We’re delighted to announce that Nathan Delma has signed on to the Mojaloop Foundation team. As our new deployment specialist, he’ll be working with the Community to enhance Mojaloop.

Nathan is a software engineer who has worked in telecommunications since 2012 and payment systems since 2017. He is also an experienced leader, having successfully worked with R&D teams in the development of new services and feature upgrades.

We recently sat down with Nathan to discuss his career path and what excites him about his new role.

Connect with Nathan on LinkedIn >

Tell us about yourself. What has your career path been and how did you become interested in the Mojaloop Foundation and its mission?    

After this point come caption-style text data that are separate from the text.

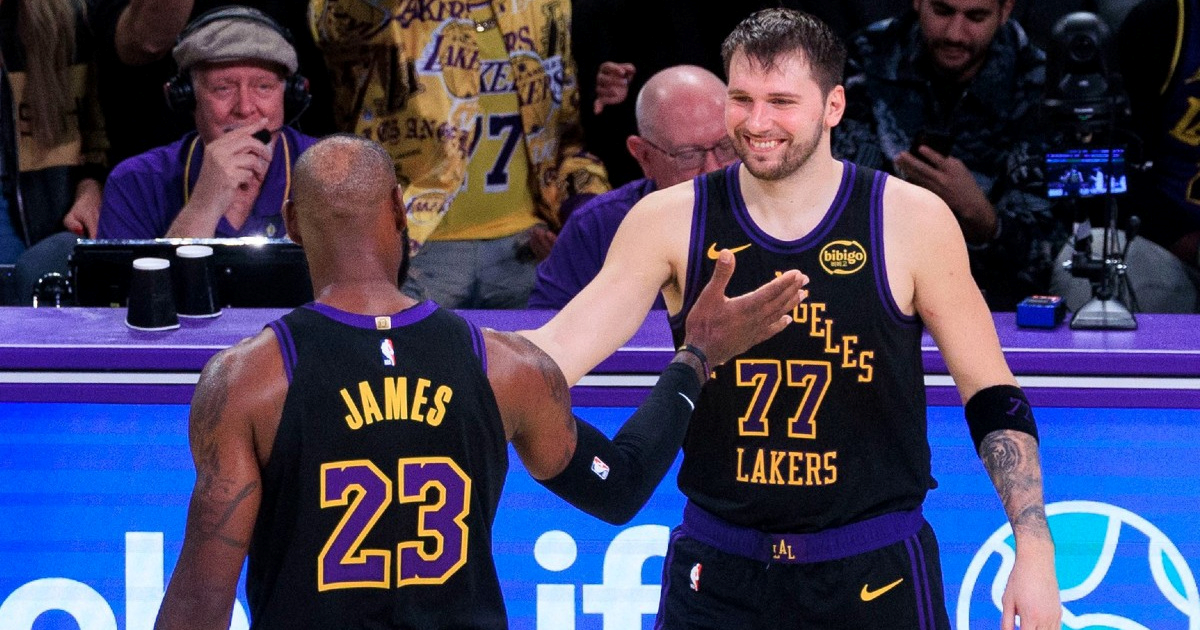 Dončić i LeBron utrpali 65 poena i predvodili Lakerse do pobjede u napetoj završnici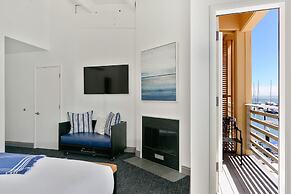 Waters Edge Hotel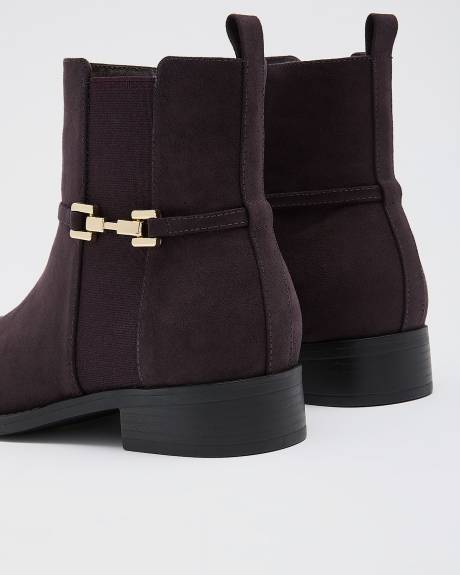 Bottes courtes en faux suède violet avec boucle dorée, pied très large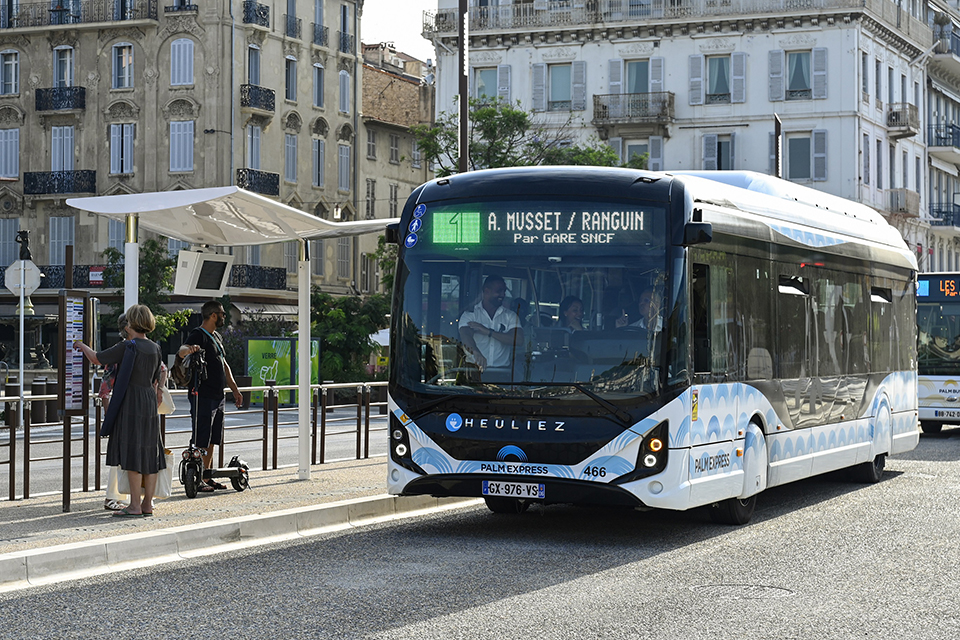 Bus qui attend les passagers à l'arrêt de bus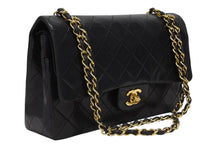 Load image into Gallery viewer, CHANEL シャネル マトラッセ25 Wフラップ Wチェーンショルダーバッグ 0番台 ココマーク ラムスキン ゴールド金具 美品 中古 4b009860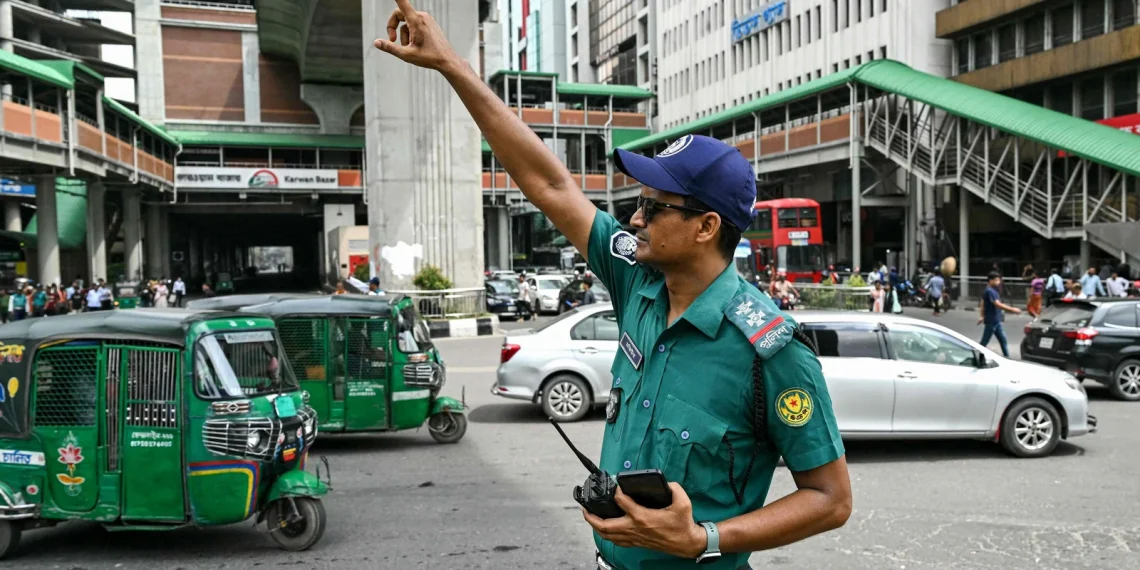 দেশের পুলিশ ইউনূসের চাকর। সংঘর্ষে জড়ালেন সেনাপ্রধান-ইউনূস। ইউনূসকে আর মানবে না সেনাপ্রধান!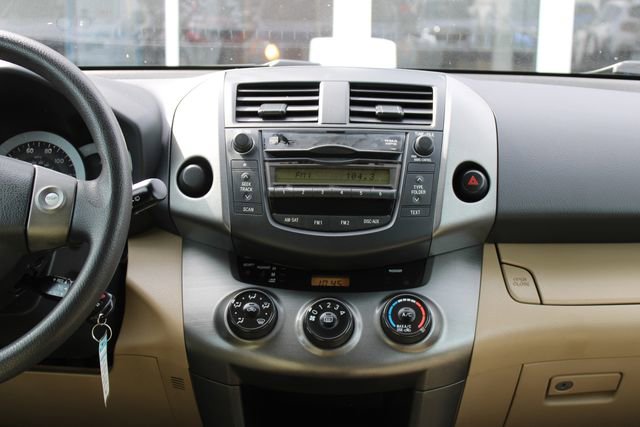 Used 2010 Toyota RAV4 2WD image 21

My journey started with my passion for technology and connecting people. Initially, I focused on telecommunication and value-added services, and worked for three MNO companies: TelCaP, Unicom SA and Huawei.

I discovered real-time payment systems in 2017 and went to work for Comviva. At the time, they were the world’s number one provider for real-time money transfer services. I was excited by what I was doing; I liked knowing that somebody could be using the system to do things like send money so that their children could go to school.

In 2022, I was hired by Africell, an MNO with a mobile money service called, “Afrimoney.” One challenge we encountered was integrating with other systems because this required time. It was also hard for the other system owners because — for example — they would want to connect to three MNOs and maybe 15 banks. Doing the work to make that happen could be too expensive.

So I started thinking, how can we make it easier to connect everyone? This is when I started to become interested in payment networks. A colleague told me about Mojaloop, and when I looked into it, I fell in love.

Tell us about your new role. What will your main responsibilities be?

There will be two main activities that I will be doing. Firstly, I will be supporting the team for proofs of concept (POCs). When an organization wants to see a working system, I will be a part of the technical team that will be putting infrastructure in place so that people can explore and do testing.

The second thing I’ll be doing is providing support to the Community, which is growing. As more people get involved, they will inevitably have questions and run into issues, and I will be ready to help them.

What are you looking forward to most about your role and what do you hope to accomplish?

The one word that can summarize all of it is “interoperability.” I’m dreaming of a fully interoperable world for developing countries. If I’m able to contribute to giving everyone the ability to transfer money to anyone else, I’ll be happy. When this is achieved, it will open some new opportunities for other kinds of services.

In your opinion, what have been some of the Foundation’s most significant accomplishments to date?

I think the number one achievement is the Community. I was surprised at how strong the Community is — there are a lot of people getting involved and contributing.

The second thing is technical: I was impressed by the quality of the software the Community has produced. It’s enterprise grade, and not all open source projects are able to achieve this. They’ve produced code and a service stable enough and rich enough to compete with proprietary solutions.

The third thing — we don’t see it yet on the ground but it’s coming — will be the impact on financial inclusion. We don’t have a fully commercially deployed system yet, but we’re almost there and I’m very sure that the effect will be massive.

What do you consider to be the biggest challenge in the digital payments landscape?

I think the biggest issue by far is inclusivity and access to the service.

In the last two decades, people have built a lot of solutions for transfers, merchant services, bill payment, and P2P payments. MNOs have done a very good job compared to banks, because very few people have access to banks, but it’s still not enough. It’s still too expensive and therefore not everyone can use these services.

We can also look at it from the fintechs’ perspective. If we could provide interoperability to banks, MNOs, fintechs, and MFIs, we would open a new world of innovation.

This interoperability is very costly because it’s very hard, and I suspect that some organizations are creating silos, perhaps to keep their advantage.

What keeps you excited and motivated to help further the Foundation’s mission? In other words, what gets you out of bed in the morning?

It’s seeing what we are building; the world we are building — one where anyone, even in the poorest village, can have access to any kind of financial services. For now, people have some basic services like P2P, but I dream of making it possible to make more services available to everyone at the cheapest cost.

Is there anything else that you’d like to share with us?

I wanted to recognize the work of all the people who have contributed to Mojaloop, because they have done a very good job. I was impressed of the work you have done and I’m very excited to see the impact it will have in the next five years.